DATA PROVIDED
■ ■ ■ ■ ■

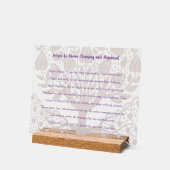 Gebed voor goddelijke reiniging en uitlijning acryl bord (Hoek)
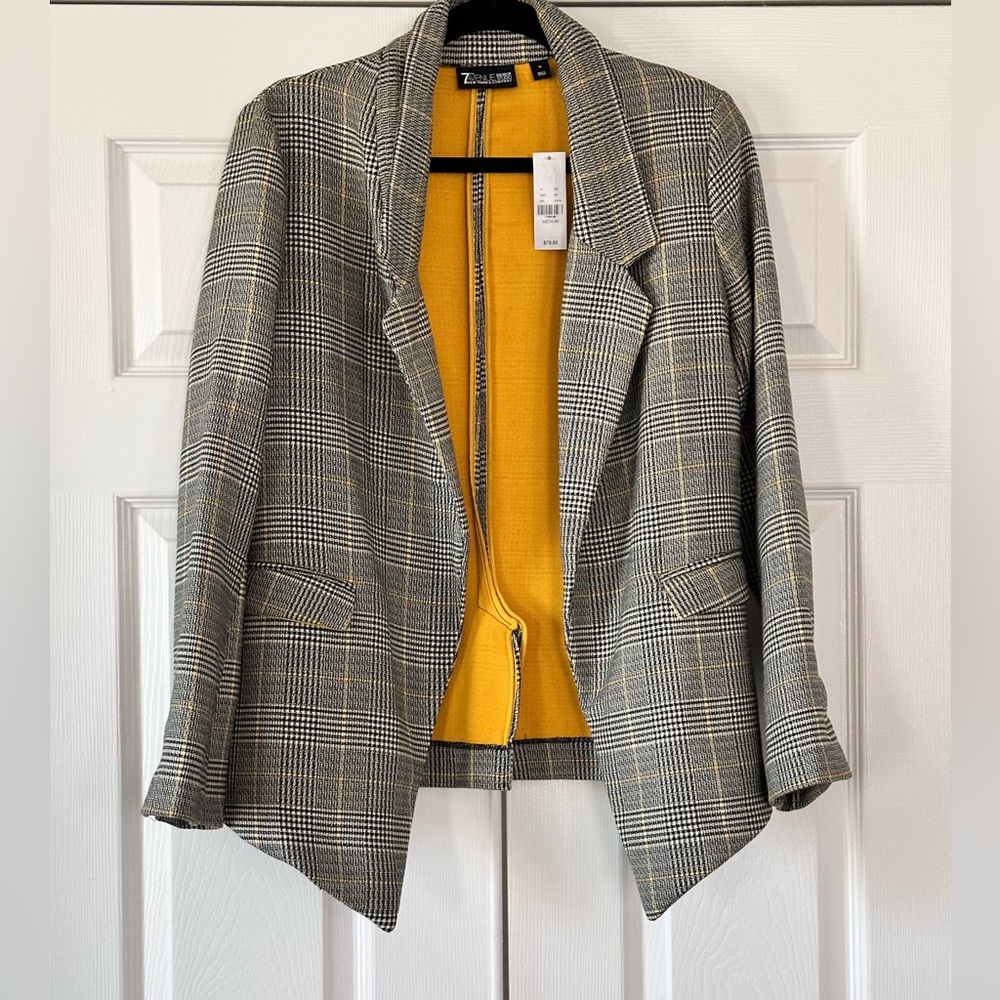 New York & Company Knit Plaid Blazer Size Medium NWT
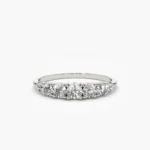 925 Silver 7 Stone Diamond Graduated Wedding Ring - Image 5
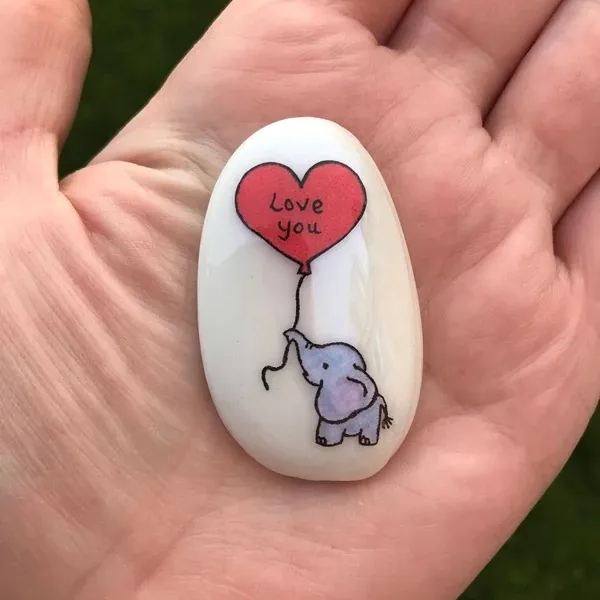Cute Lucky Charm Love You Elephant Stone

■ ■ ■ ■ ■

EXERCISE PROMPT
One exact copy of the data is required, and it should hold no pictures.

EXERCISE SOLUTION
 Gebed voor goddelijke reiniging en uitlijning acryl bord (Hoek)
 New York & Company Knit Plaid Blazer Size Medium NWT
 925 Silver 7 Stone Diamond Graduated Wedding Ring - Image 5
Cute Lucky Charm Love You Elephant Stone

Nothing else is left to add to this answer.